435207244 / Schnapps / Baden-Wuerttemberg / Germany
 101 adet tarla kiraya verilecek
* * * * * * * * *
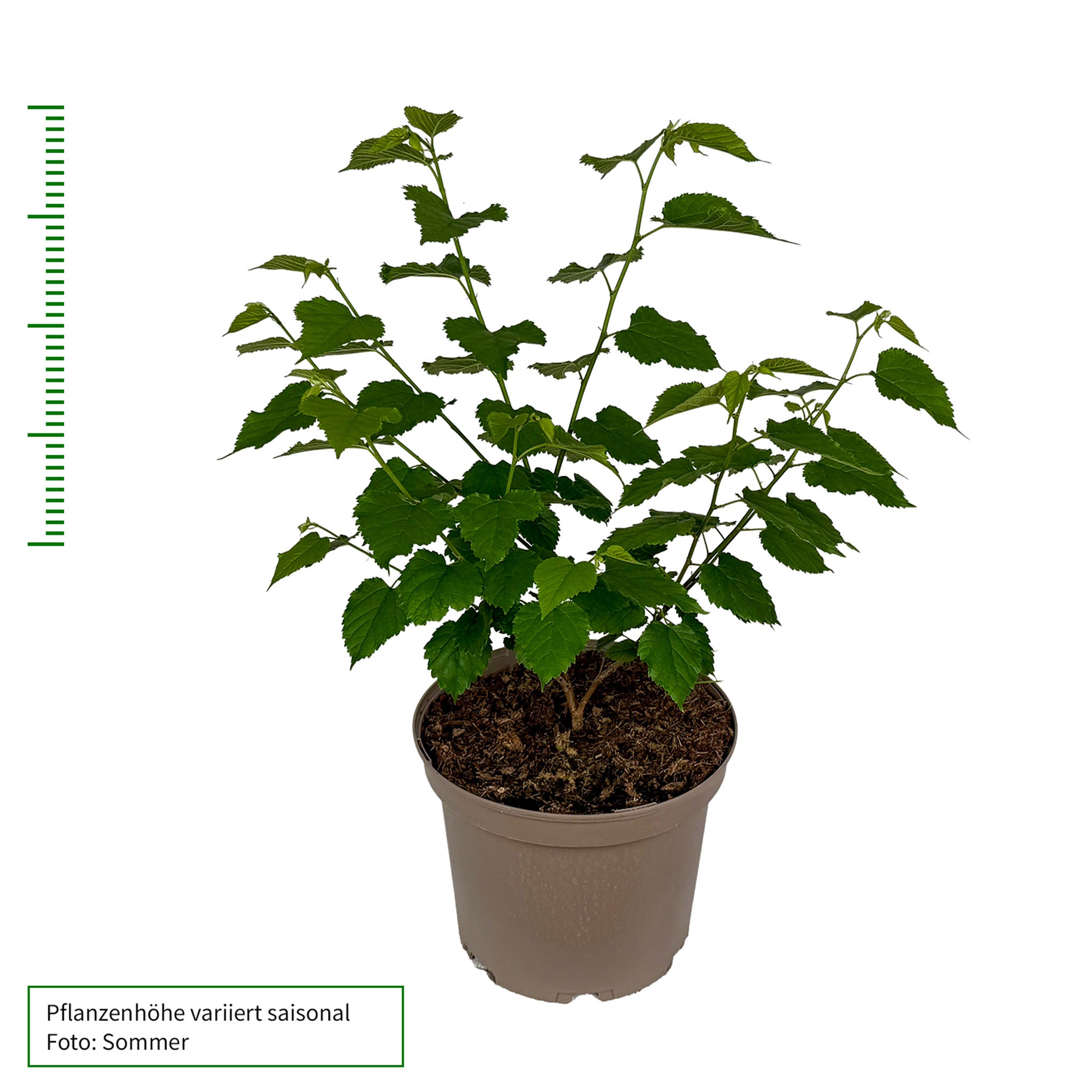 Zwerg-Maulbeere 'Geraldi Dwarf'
* * * * * * * * *
THE PROBLEM — The reply should hold only the lines of the listing above starting at the line containing "435207244 / Schnapps" and ending at the line containing "101 adet tarla kiraya verilecek", exactly as written.

REPLY —
435207244 / Schnapps / Baden-Wuerttemberg / Germany
 101 adet tarla kiraya verilecek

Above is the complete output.